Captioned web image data

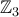 {\mathbb{Z}}_{3}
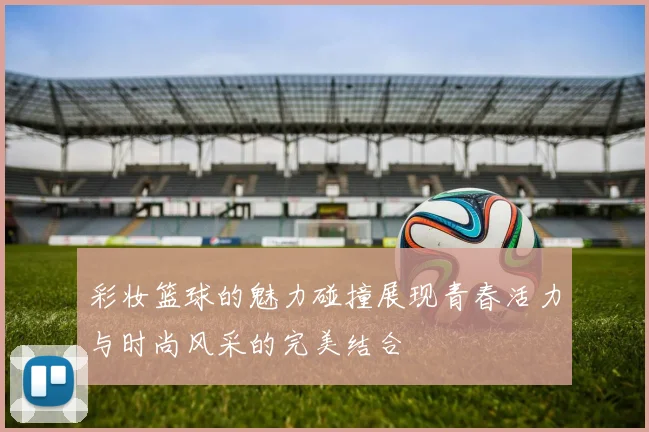 彩妆篮球的魅力碰撞展现青春活力与时尚风采的完美结合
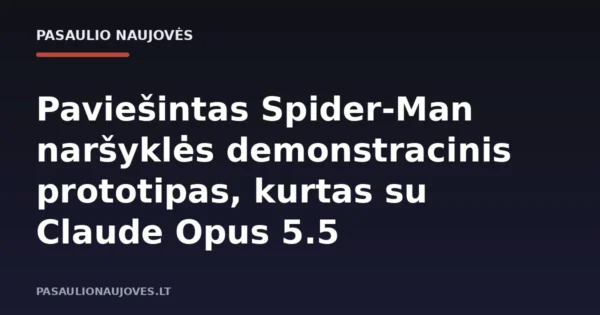 Paviešintas Spider-Man naršyklės demonstracinis prototipas, kurtas su Claude Opus 5.5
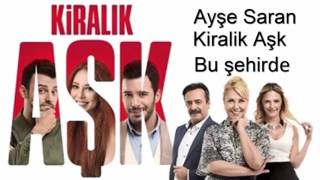 Kiralik Aşk - Ayşe Saran - 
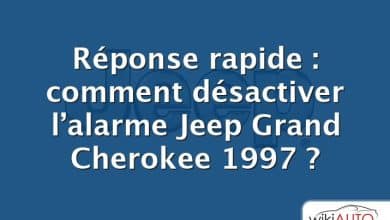 Réponse rapide : comment désactiver l’alarme Jeep Grand Cherokee 1997 ?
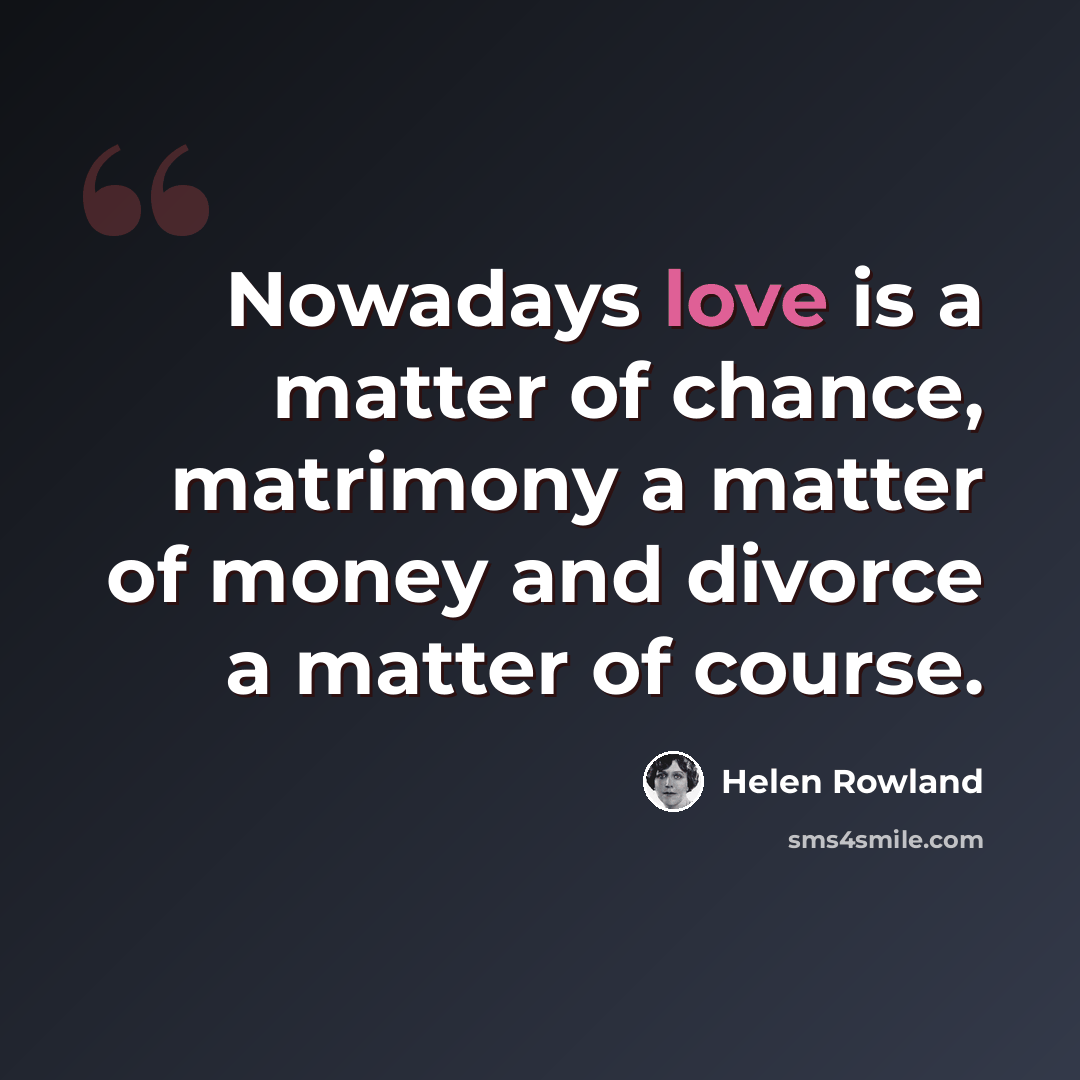 “Nowadays love is a matter of chance, matrimony a matter of money and divorce a matter of course.” quote by Helen Rowland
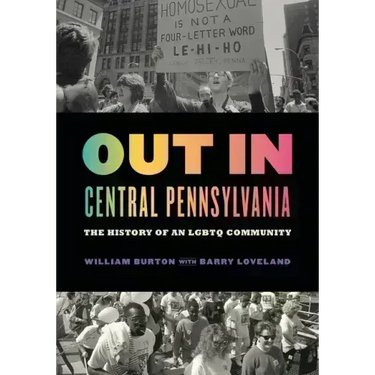Out in Central Pennsylvania: The History of an LGBTQ Community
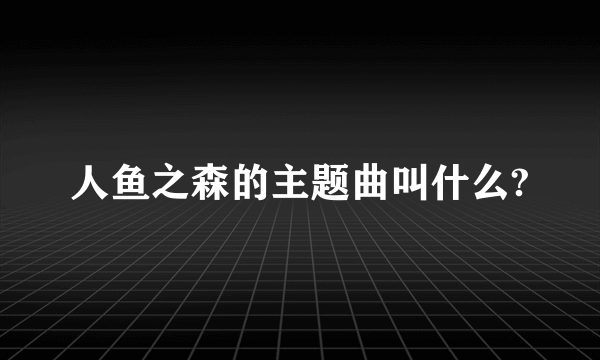 人鱼之森的主题曲叫什么?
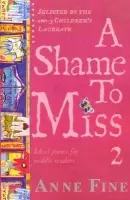 Shame To Miss Poetry Collection 2 - Fine, Anne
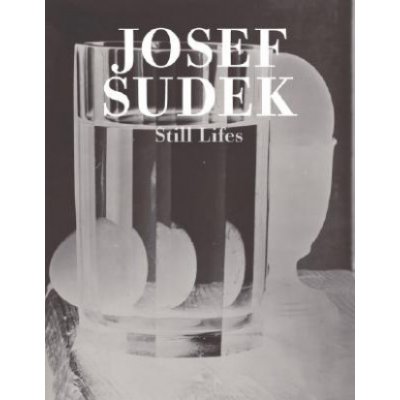 Still Lifes - Sudek Josef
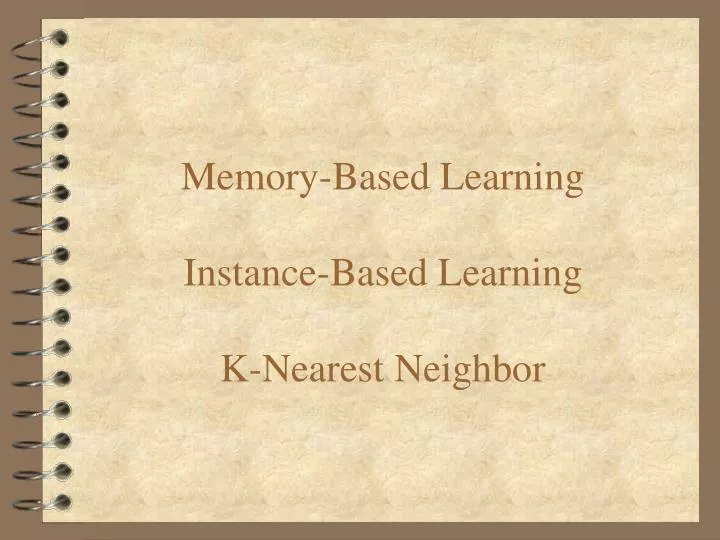 memory based learning instance based learning k nearest neighbor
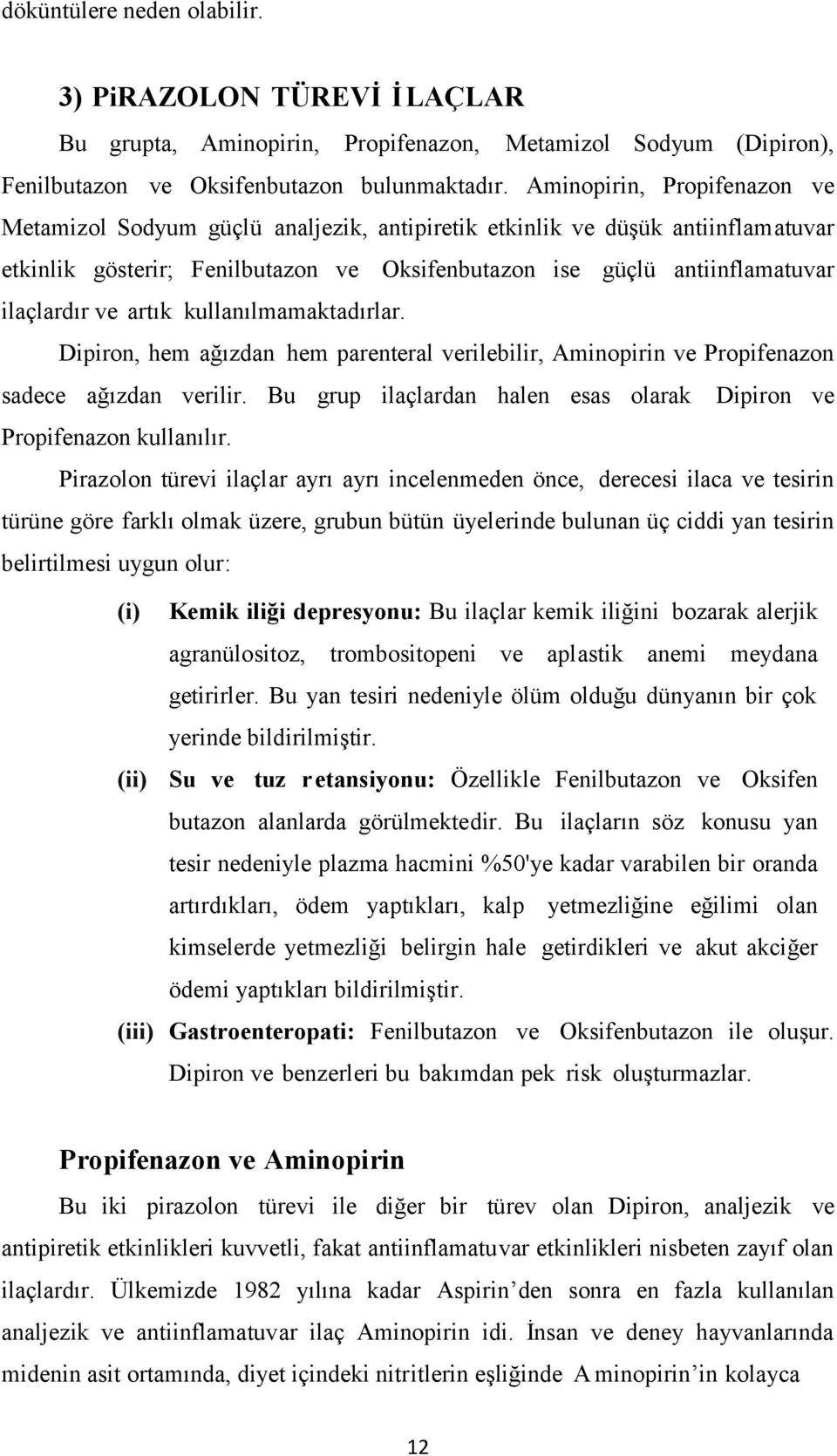 artık kullanılmamaktadırlar. Dipiron, hem ağızdan hem parenteral verilebilir, Aminopirin ve Propifenazon sadece ağızdan verilir.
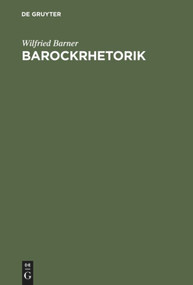 Barockrhetorik (Untersuchungen zu ihren geschichtlichen Grundlagen) (German Edition) by Wilfried Barner, 9783484108394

◆ Action item:
In the entries above, which lines run from the one with "Réponse rapide : comment" up to and including the one with "人鱼之森的主题曲叫什么?"? Write them out exactly, without the pictures.

◆ Task solution:
 Réponse rapide : comment désactiver l’alarme Jeep Grand Cherokee 1997 ?
 “Nowadays love is a matter of chance, matrimony a matter of money and divorce a matter of course.” quote by Helen Rowland
Out in Central Pennsylvania: The History of an LGBTQ Community
 人鱼之森的主题曲叫什么?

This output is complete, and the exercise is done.